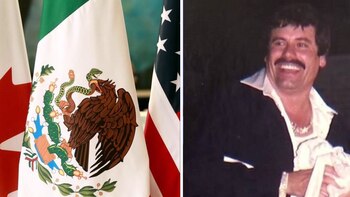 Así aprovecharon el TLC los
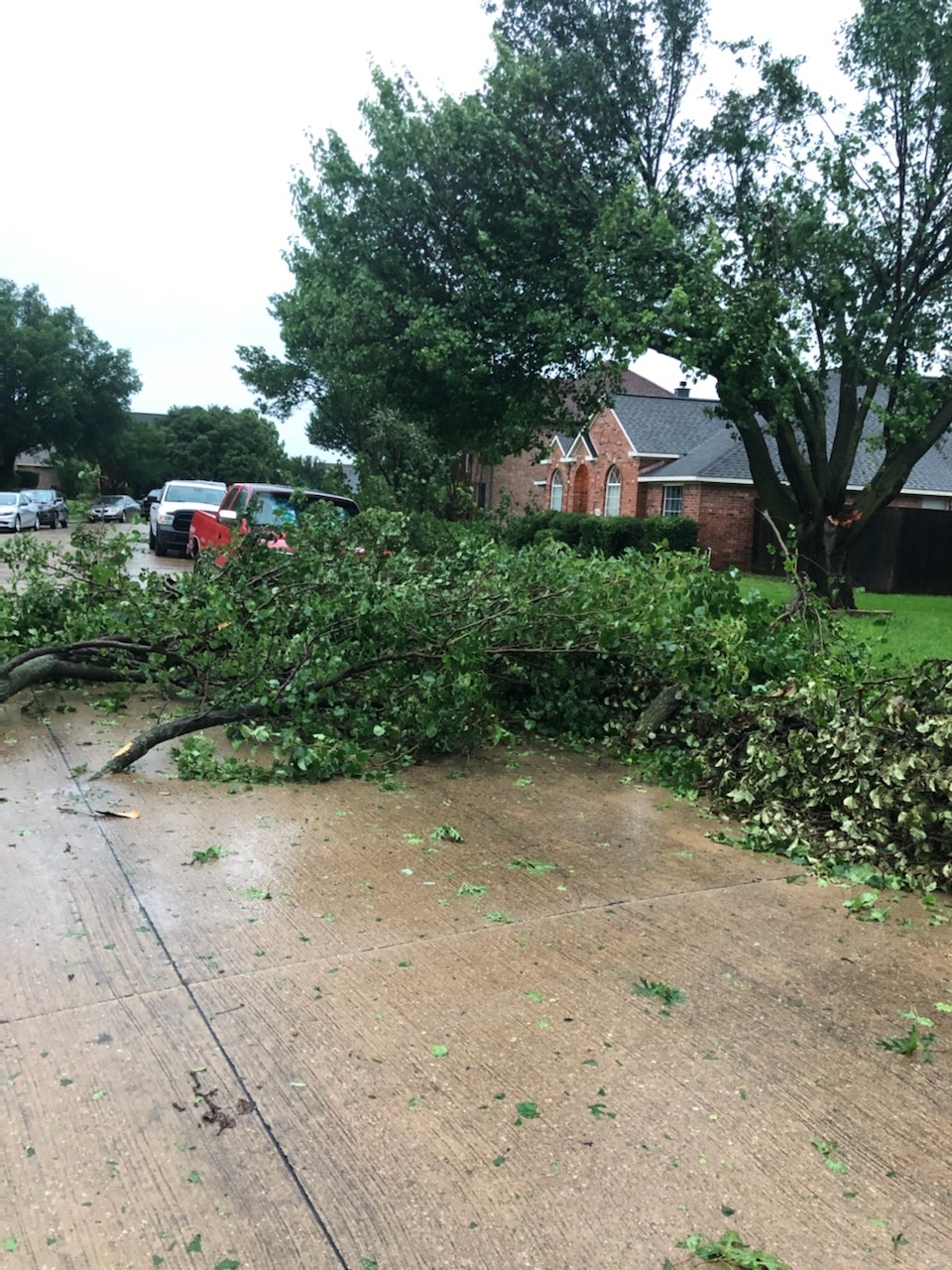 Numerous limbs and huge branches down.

-------------------------

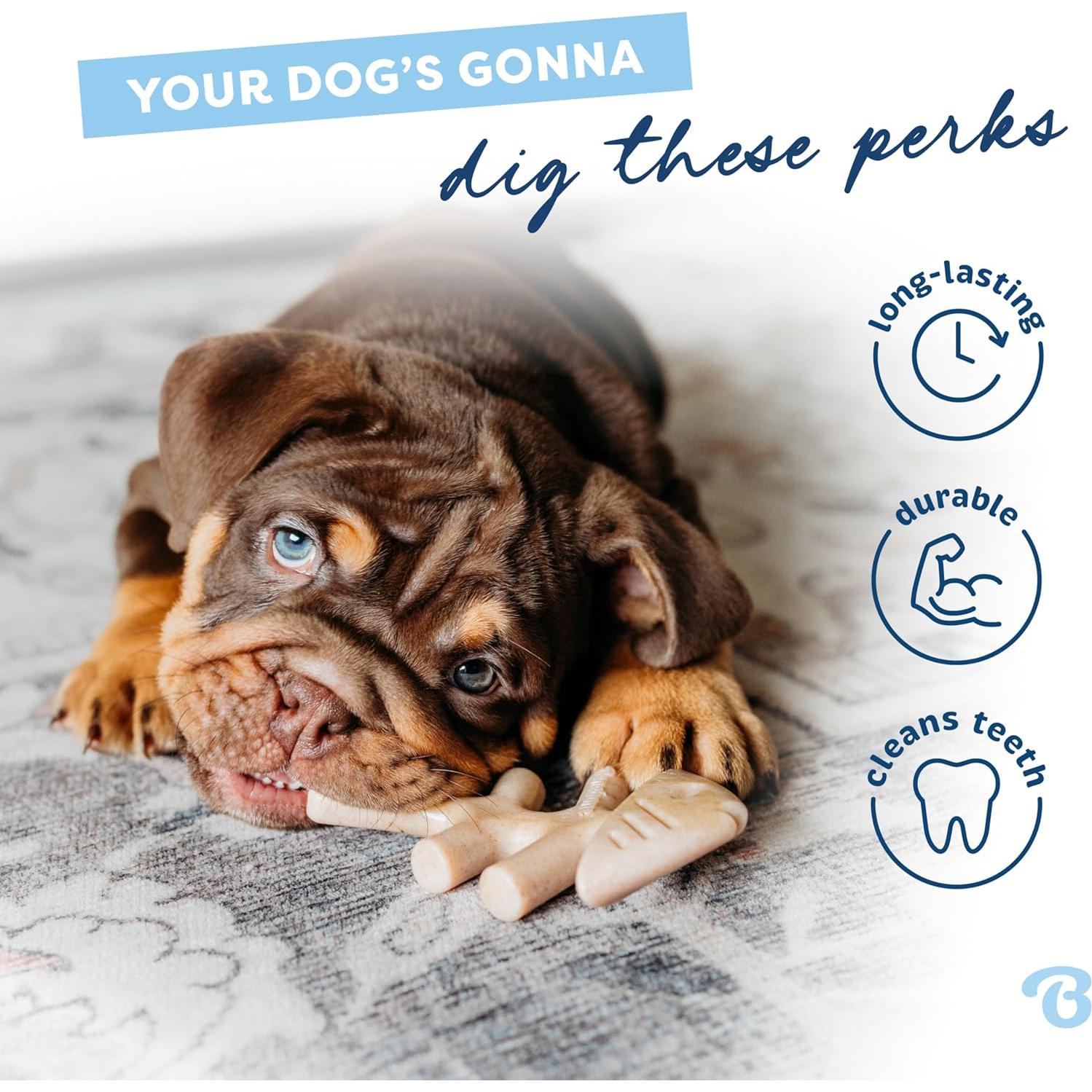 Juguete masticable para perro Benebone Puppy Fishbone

-------------------------

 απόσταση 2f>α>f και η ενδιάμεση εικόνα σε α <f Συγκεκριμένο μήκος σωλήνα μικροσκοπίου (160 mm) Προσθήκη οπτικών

-------------------------

• _Required action_
Return the material from the line containing "Así aprovecharon el TLC los" through the line containing "Numerous limbs and huge branches down.", exactly and in full, but without its pictures.

• _Output for this task_
 Así aprovecharon el TLC los
 Numerous limbs and huge branches down.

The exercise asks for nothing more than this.